Notably, these cuts— and threats of additional cuts— also have served as powerful catalysts in political campaigns aimed at convincing Oakland voters to approve tax increases.
A review of city financial statements, audits, and court rulings shows a consistent pattern in which the city collects voter-approved taxes promised for fire and police services, then fails to deliver the services it promised.
The resulting gaps in fire and police services then set the political stage for the city to ask voters to approve even more tax increases in order to ‘save’ and ‘maintain’ those services— even as overall tax revenues increase over time, significantly outpacing inflation.
The city has followed this playbook with fire services— and refined it considerably— over the past twenty years:
Announce that cuts to fire services are necessary to close budget deficits
Convince voters to approve tax increases by promising to ‘save’ and ‘maintain’ fire services
Mismanage and divert the tax revenues to other purposes, resulting in new budget deficits and announcements that fire services must face cuts again
Use the threat of fire station closures to urge voters to approve more tax increases.
The city is not alone in executing this playbook. Oakland’s firefighters union, International Association of Fire Fighters (IAFF) Local 55, has long played a significant supporting role.

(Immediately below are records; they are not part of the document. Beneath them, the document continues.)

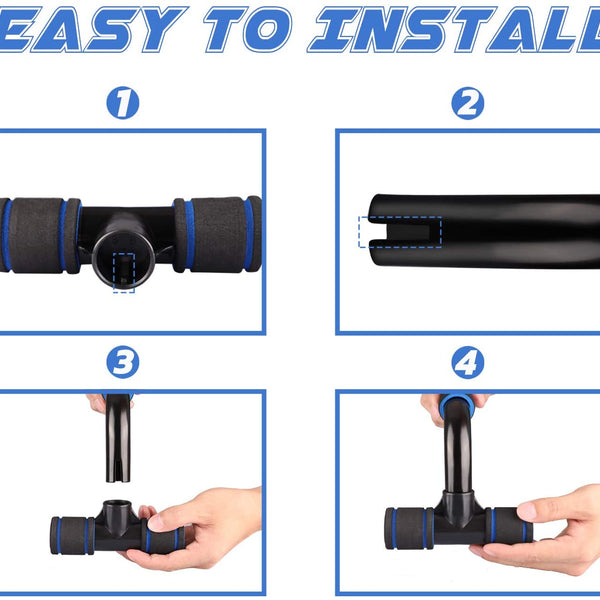 Heavy Duty Pushup Stands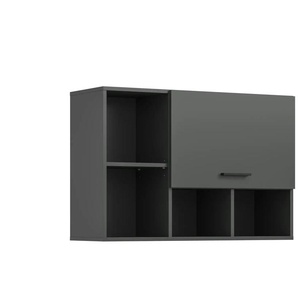 Hängeschrank  Frillensee ¦ grau ¦ Maße (cm): B: 95 H: 64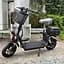 Электросамокат EVOBIKE Zen U12 MAX черный | 800W 23 Ah | электросамокат с тремя фарами, корзинкой и кофрой (модель 2025 года) - миниатюра 2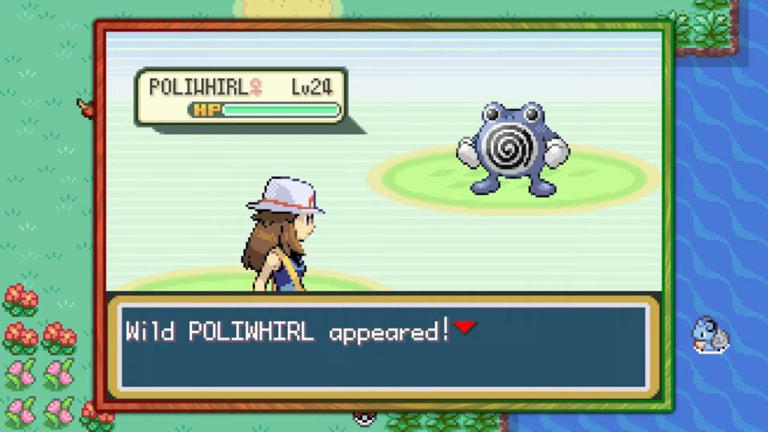 Pokémon FireRed & LeafGreen: How to catch Poliwhirl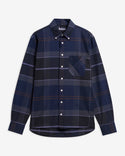 Barbour Mineral Tartan Dunoon Authentic Shirt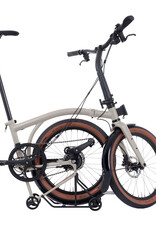 Brompton Brompton - Bike - G line, Traildust White, 8 Spd Alfine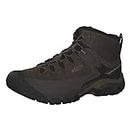 KEEN Men's Targhee 3 Mid Height Waterproof Hiking Boots, Bungee Cord/Black, 11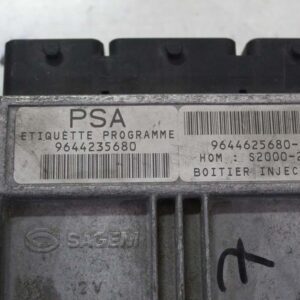 Centralita de motor Peugeot 206 1,4i 2002 cm-482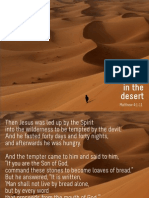 Temptation in The Desert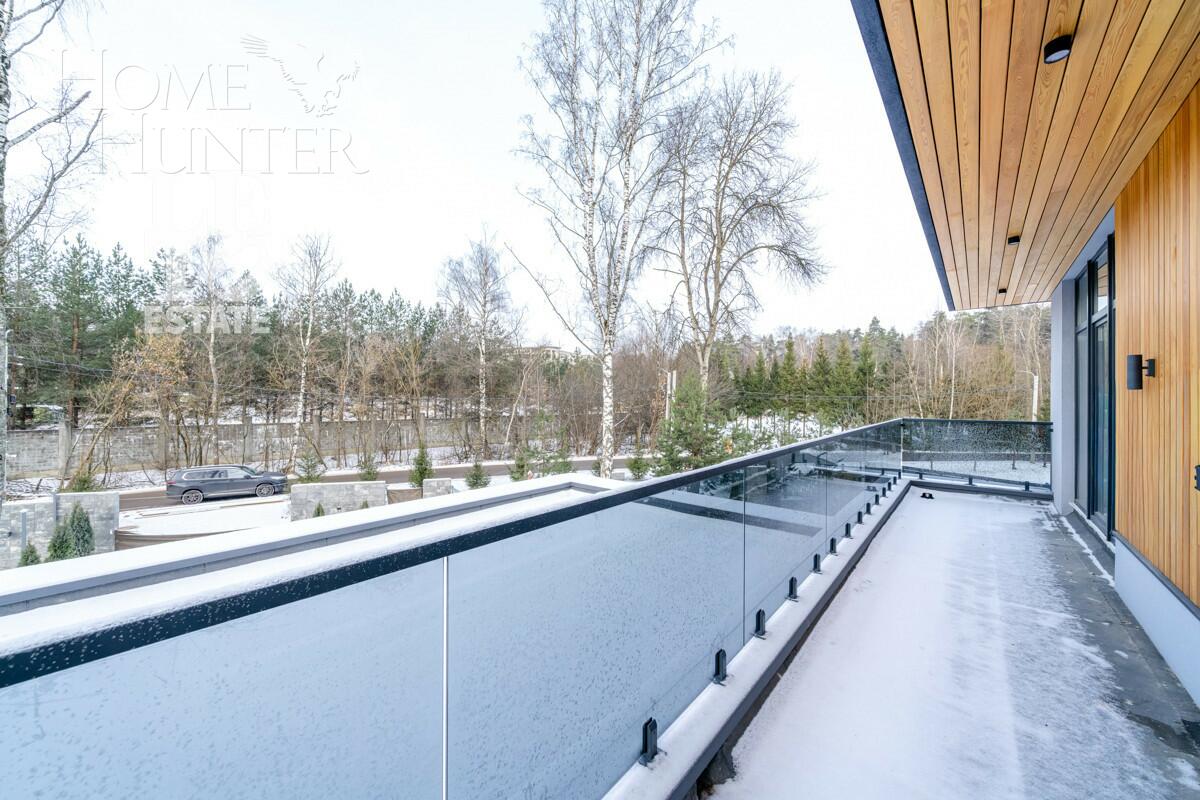 2-этажный коттедж 430 м² без отделки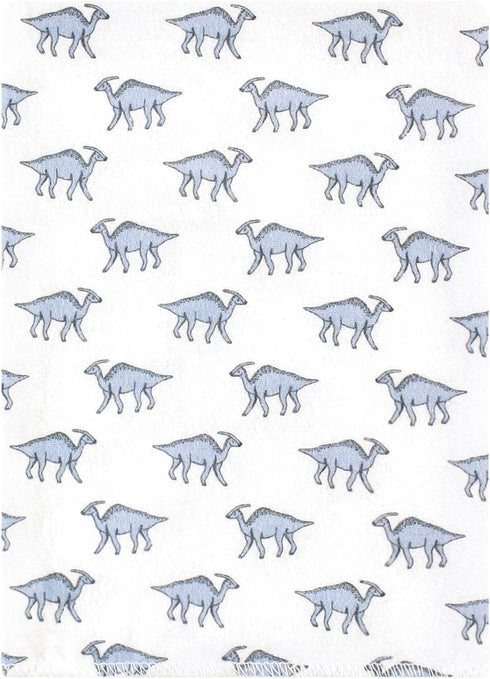 Hudson Baby Unisex Baby Cotton Flannel Burp Cloths Bundle, Boy Dino World, One Size...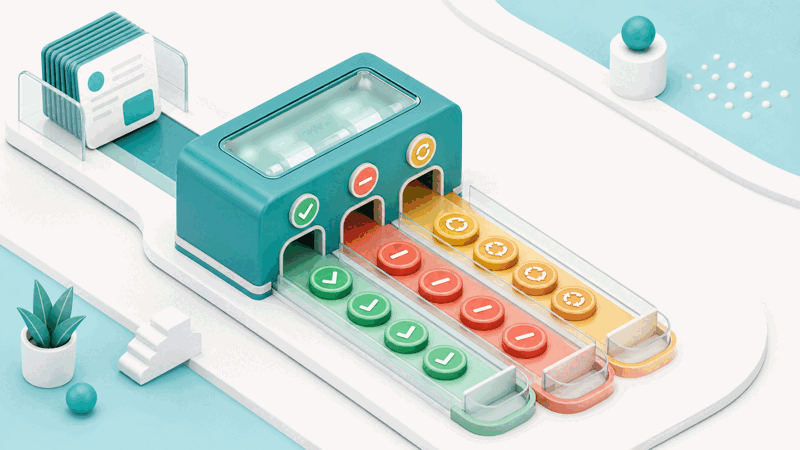 Accuracy, error rate and reading level shown together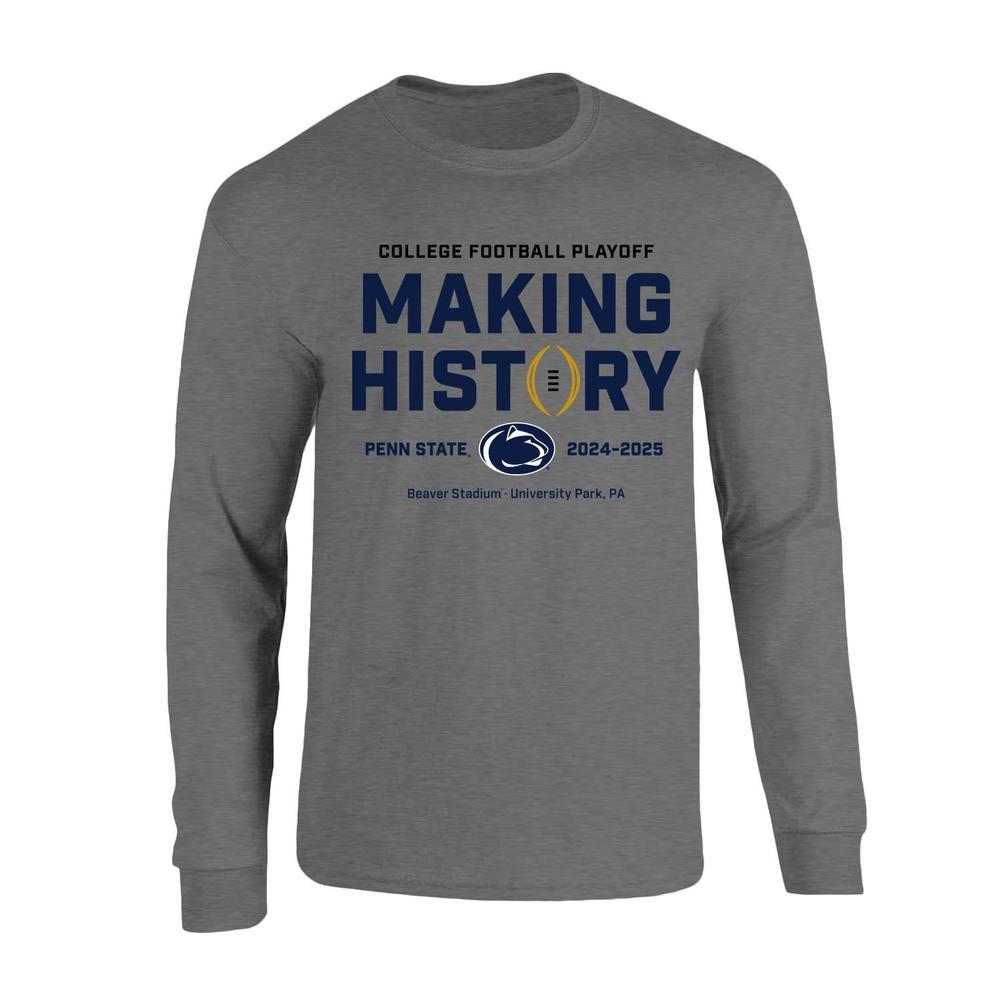 Penn State College Football Playoff Making History Long Sleeve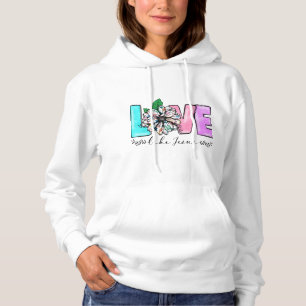 Liebe wie Jesus Hoodie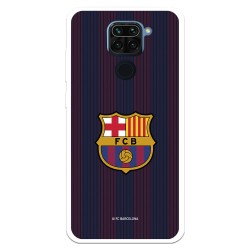 Funda para Xiaomi Redmi Note 9 del Barcelona Rayas Blaugrana - Licencia Oficial FC Barcelona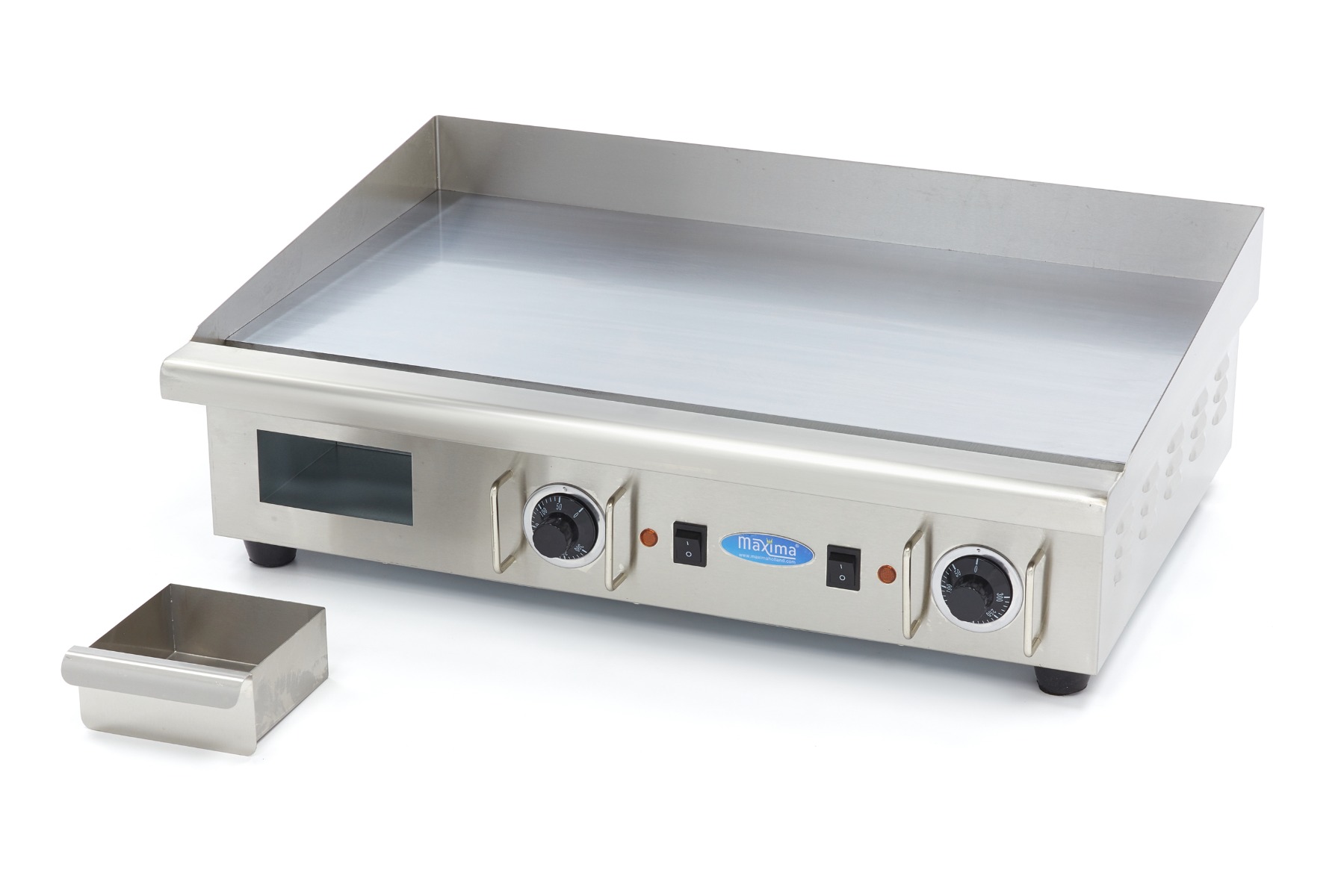 Grillplaat sile 73cm - kroomitud plaat - 400V - Image 6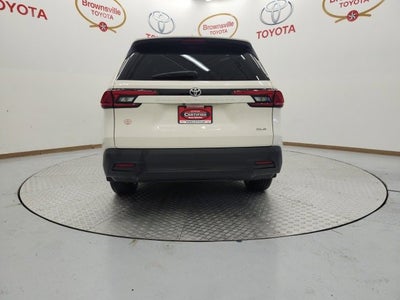 2024 Toyota Grand Highlander XLE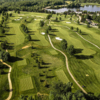 Aerial view from Fazio at Firestone Country Club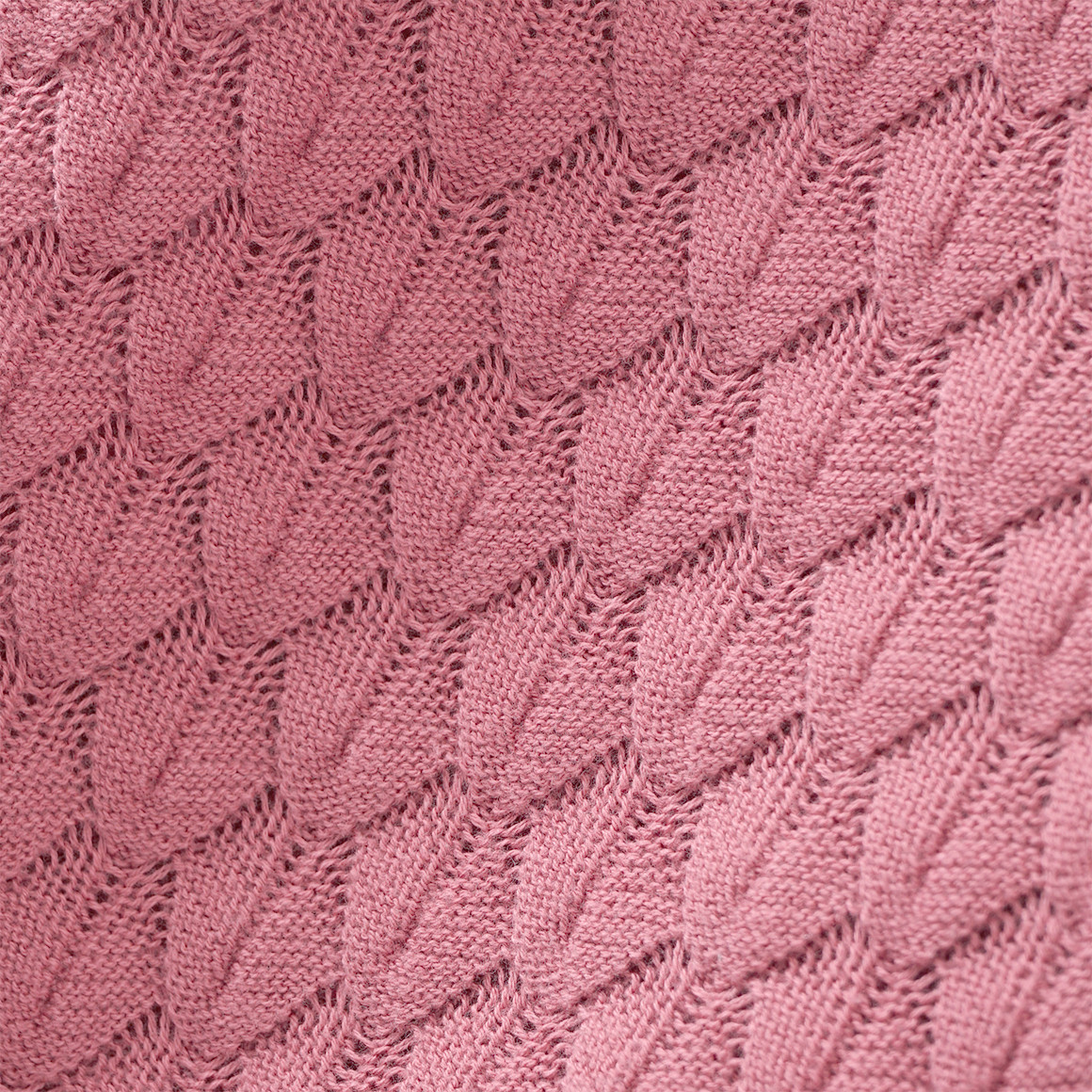 Mädchen Strickjacke mit Wabenstruktur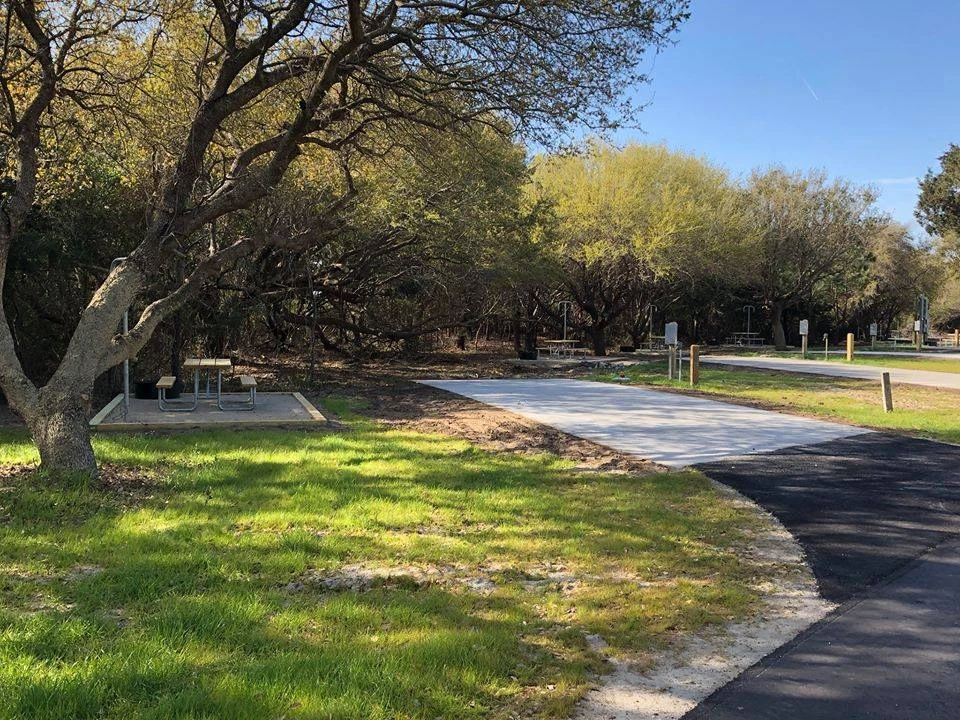 Huntington Beach State Park Campground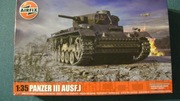 PANZER III Ausf. J Airfix A1378 1:35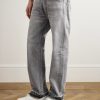Valley Straight-Leg Distressed Jeans - FR Valley Straight-Leg Distressed Jeans - FR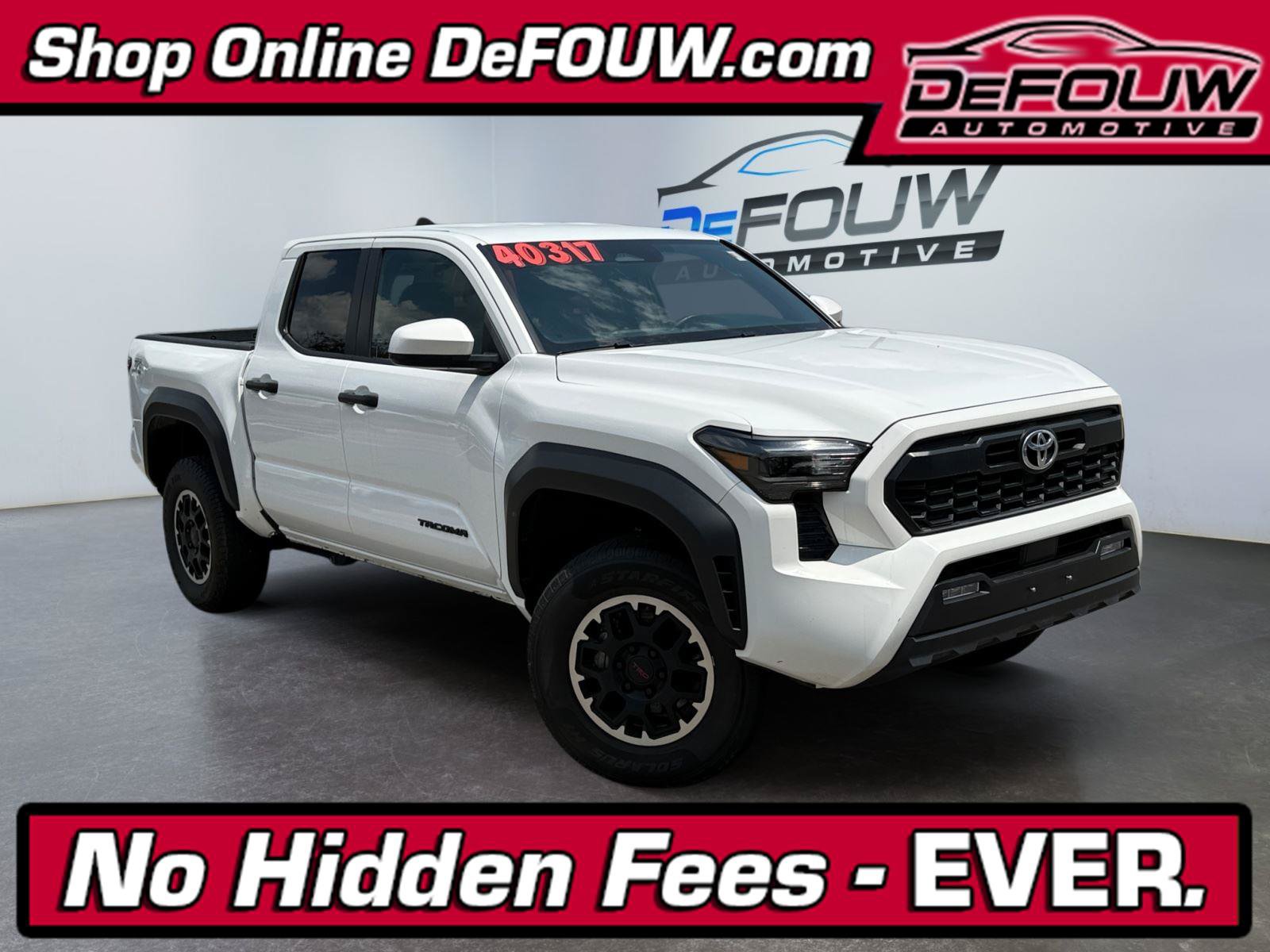 Used 2024 Toyota Tacoma TRD Off-Road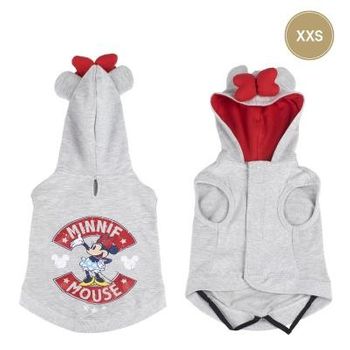 Forfanpets Sudadera Para Perro Minnie Gris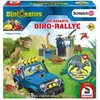 Dino-rallye Schleich - Jeu De Société - Schmidt Spiele Vert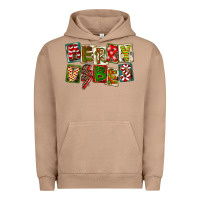 Merry Vibes Urban Hoodie | Teevron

The influence of Oakland’s firefighters union
A review of political campaigns in Oakland over the past two decades shows IAFF Local 55 routinely leveraging voters’ high esteem for firefighters— as well as the substantial resources the union collects, both in monetary dues and boots-on-the-ground political activism from firefighters— to influence public opinion in the political sphere.
The union’s influence includes supporting and donating to the political campaigns of city council members, who then approve the fire department budget, firefighter salaries and benefits, and labor contracts with the firefighters union.
Perhaps its biggest recent success in this area is the election of former IAFF Local 55 president, Zac Unger to the city council in 2024.6
The union’s influence also extends to financially supporting and campaigning for tax increases to collect more funding from Oaklanders for fire services.
IAFF Local 55 has repeatedly used political rhetoric that frames fire station closures and service cuts as severe threats to public safety in order to urge voters to approve tax increases over the past two decades, including Measures Y (2004), BB (2010), Z (2014), NN (2024), and A (2025).
However, an evaluation of these measures reveals a consistent record of misleading claims and broken promises.
The city has declared “extreme fiscal necessity” on multiple occasions to suspend voter-approved spending requirements on police and fire services— a legal escape hatch that has become a routine tool of budget management rather than a genuine emergency measure.
Measure Y funds were improperly used, leading to litigation, while Measure BB weakened key accountability provisions. Even after passing Measures Z and A, the city continued to face fiscal crises leading to further fire station brownouts, directly contradicting implicit promises to voters that new revenues would secure fire services. (See below for more details.)
This cycle appears to be repeating with Oakland’s Measure E, the $34 million per year parcel tax increase on the ballot this June.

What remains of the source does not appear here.